Daycare Operator Provided Sweatshirt That Accidentally Strangled 2-Year-Old

SAN JOSE, Calif. _ As daycare provider Harold Taylor led the toddlers to the play structure in his chilly backyard, he asked his wife, Bertha, to grab the sweaters. She pulled out an old blue hooded sweatshirt that her grown son had worn 20 years ago, and put it on 2-year-old Coby Hofmann.

It had a drawstring at the hood — a drawstring that, while Coby was going down the slide, strangled him.

In dramatic and tearful testimony Monday, Harold Taylor spoke publicly for the first time about the May 21 death that led the state to shut down the center at the Taylors’ home off McKee Road in east San Jose, Calif. It had been operating for nearly 20 years.

“This was devastating,” Harold Taylor said. “They’re like my children. In my heart they are.”

Taylor, 73, and his wife are fighting to re-open their home, and the couple has received tremendous support from parents, including Coby’s mom and dad, who have all written letters on their behalf.

Jeff Hofmann, who plans to testify Wednesday, told the San Jose Mercury News on Monday that he and his wife fully support the Taylors and plan to send their newborn son to the daycare in the fall.

“We believe in them and know they are good people,” Hofmann said in a phone interview after the hearing. “It was an accident. Being angry with people, being enraged or suing, it’s not going to bring Coby back.”

Since Coby’s death, the state has alerted daycare providers to beware of the dangers of clothing with drawstrings. Even though it was Bertha Taylor who pulled out the old sweatshirt for Coby, Hofmann says he appreciates that “she gave him the jacket because he was cold.”

Besides, he said, some stores still sell hooded sweatshirts with cords.

“We consider them family and if it had been my father or mother, what are you going to do?” Hofmann said. “These people are family.”

At Monday’s hearing, two other parents and a grandparent sat through the daylong proceeding to show their support.

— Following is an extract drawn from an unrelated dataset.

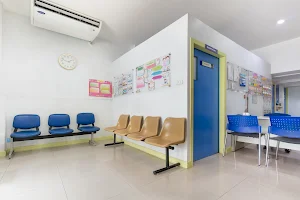 อินทัชเมดิแคร์คลินิก สาขาตลิ่งชัน(IntouchMedicare Clinic Talingchan) image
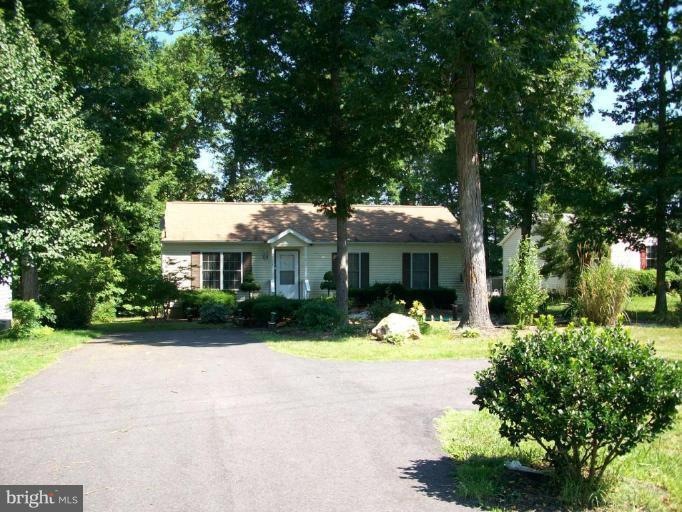 35437 Wilderness Shores Way, Locust Grove, VA 22508 - photo 1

“They’re not fighting for themselves. They’re fighting for our babies,” said parent Julissa Melo. “My baby wants to go back and he doesn’t understand why he can’t.”

Nancy Miller, whose grandson attended the Taylors’ home day care, said, “it’s a tragedy that could happen anywhere to anyone.”

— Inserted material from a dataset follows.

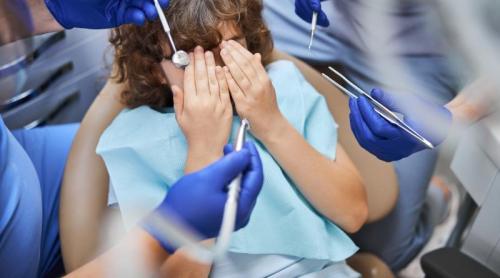 Frica de dentist: când devine fobie și de ce apare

But Kimberly Kim, lawyer for the state Department of Social Services, told the administrative law judge that the Taylors’ daycare license should be revoked.

In her opening statement Monday, she said that Harold Taylor was “busy in the garden area of the backyard from which he could not see the slide part of the wooden structure.”

A 5-year-old girl told authorities shortly after Coby’s death that she first noticed the boy on the slide and “it looked like he was choking,” Kim recounted. The girl ran over to the wooden structure from a tree house about 25 feet away, Kim said, and “with help from the other kids, pulled Coby up the slide to the top of the structure.”

The girl said that Coby “was purple” and would not wake up, Kim said. That’s when she “yelled to Harold.”

Harold Taylor testified that he rushed to the structure — he was just 10 to 15 steps away — and lifted the 2-year-old’s limp body from the wooden platform. But he was stopped by the cord from the old blue sweatshirt that was caught between the slats. Taylor snapped the cord and ran into the house to perform CPR.

The child was pronounced dead at the hospital at 12:37 p.m. The cause of death was asphyxiation, according to the coroner.

“It’s two months later and I still cry every day,” Taylor said. “It’s hard for me to even go on. These kids are my kids. I’ve had Coby his whole life.”